Yap, WLAN ist so eine Sache..... bei so einigen Netbooks war uns aufgefallen das wenn nicht gleich beim Booten der Taster zum aktivieren des WLAN gedrückt wurde es im Betrieb grausame Pobleme gab. Am schlimmsten war es... ich meine es waren MiniPCIe WLAN Karten von Atheros die den a/g/g/n Mod unterstützen...... Damals hatten wir schnell herausgefunden das es am Treiber lag. imo kann ich dazu weniger sagen weil solche Karten selten im Umlauf sind. Bei der Broadcom sind imo ähnliche Sympthome vorhanden. Hier ist uns aufgefallen das es auch davon abhängig ist welche Chips an den Accesspoints eingesetzt werden... mal gehts mal nicht... am schlimmsten war es bei Dlink AP´s bei AVM ging das so la-la aber alles nicht so stabil das man damit zufrieden sein kann...... Wir vermuten das es mal wieder irgendwelche Probleme und Unterschiede bei den Modulationsverfahren der einzelnen Hersteller gibt. Wo es eig immer sauber lief war bei Realtek und TPLink  AP´s.. scheinbar sind die so "breitbandig" das eh alles mit denen reden kann ^^

Das mit der Leertaste ist vermutlich ein Konstruktions Problem..... ärgerlich, aber man gewöhnt sich daran ^^

Yap..... Windowmaker oder Xfce und mit Nvidia oder ION rennt das wie sonstwas, aber auch sehr gei** mit der GMA. Die GMA hat bei 1080 so ihre Probleme... aber... wenn du lange genug feilst, dann kannst du auch da 1080 schauen..... Aus internen Infos von Intel kann man vermuten das es neue Treiber Releases geben soll die deutlich besser sind... es liegt eig. nicht an der GMA Graka... der Support und Treiber ist der Flaschenhals..... noch....
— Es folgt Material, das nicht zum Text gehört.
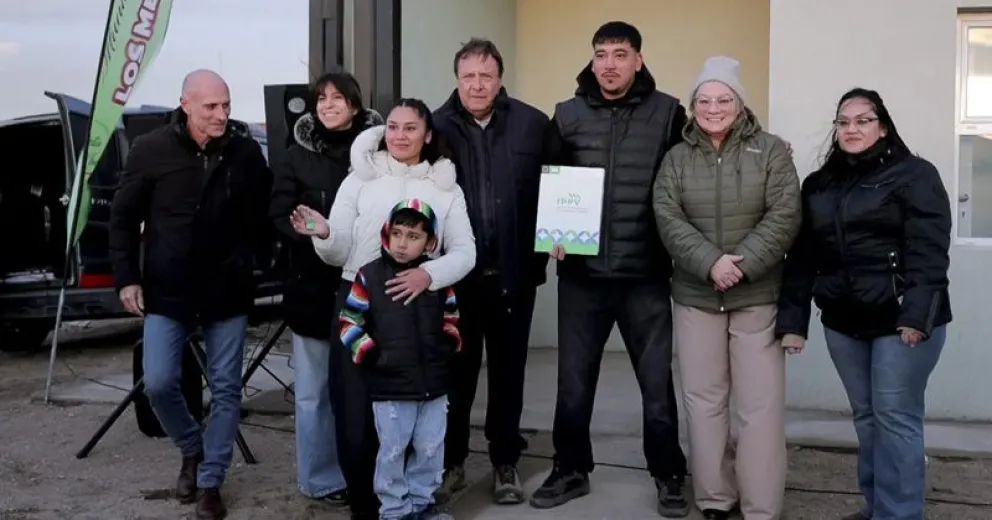 El proyecto incorpora un diseño que permite futuras ampliaciones de hasta tres dormitorios.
Nochn Tip... die Netbooks sind 32Bit..... also entsprechendes System/Flags nutzen.... Was dazu kommt ist, das man so einiges im Kernel anpassen muß damit die Netboosk wirklich gei** rennen.... das ist sehr viel feinarbeit. Imo legen wir uns die Karten wie wir unter Gentoo die Kernel für Atomi´s optimieren können und das Volk damit zum Staunen *grins*  GCC 4.5.x fehlt uns eig. dafür ^^

 fabi hat da völlig Recht... 32Bit/x86 = Netbooks auf dem EU Makrt......... in Asien gibt es längst Multicore_64 Netbooks.... ist also die Frage warum hier noch nicht.
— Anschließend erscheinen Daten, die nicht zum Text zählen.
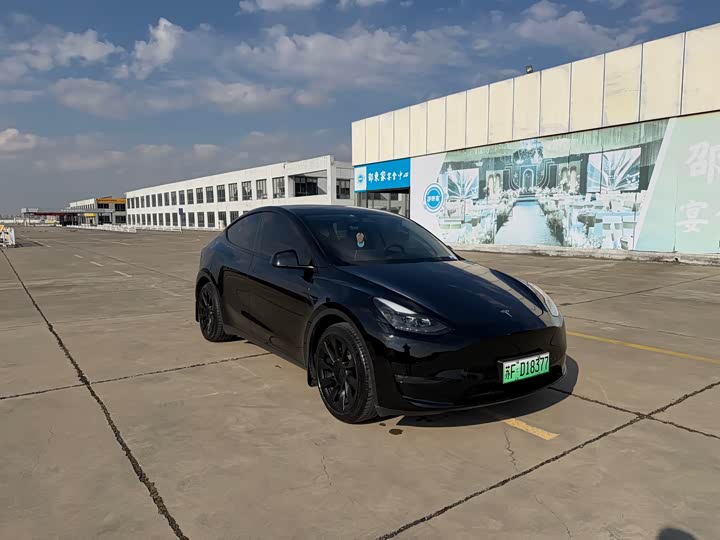 Фото 3 - Tesla Model Y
Noch´n Tip zum Kernel bauen..... Inst normal mit Menuconfig.... und dann optimieren mit xconfig oder gconfig über die GUI... da hat man einiges mehr zur Auswahl und kann fein-tunen  :Wink: 

sersLast edited by Schnulli on Wed Mar 09, 2011 12:20 pm; edited 1 time in total

----------

## ibaF

 *Quote:*   

> Was dazu kommt ist, das man so einiges im Kernel anpassen muß damit die Netboosk wirklich gei** rennen.... das ist sehr viel feinarbeit.

 

was wäre das z.B.?

gibt es da vielleicht ein tut dafür?

lg,

Fabi

----------

## Schnulli

 *ibaF wrote:*   

>  *Quote:*   Was dazu kommt ist, das man so einiges im Kernel anpassen muß damit die Netboosk wirklich gei** rennen.... das ist sehr viel feinarbeit. 
> 
> was wäre das z.B.?
> 
> gibt es da vielleicht ein tut dafür?
> ...

 

Hi fabi,

ist einiges... wie gesagt legen wir uns (ich bin nicht alleine) die Karten wie wir es auf Gentoo am besten und natürlich stabil zum laufen bekommen.... wenn der erste Netbook und x86_64 Kern so rennt das wir sagen können OK.... Beta Testen... dann sorgen wir natürlich dafür das alle bei Gentoo (ausdrücklich >>> GENTOO und nicht Ubu oder MDV... auf die sind wir schwerst sauer und deshalb zu Gentoo übergelaufen *grins*)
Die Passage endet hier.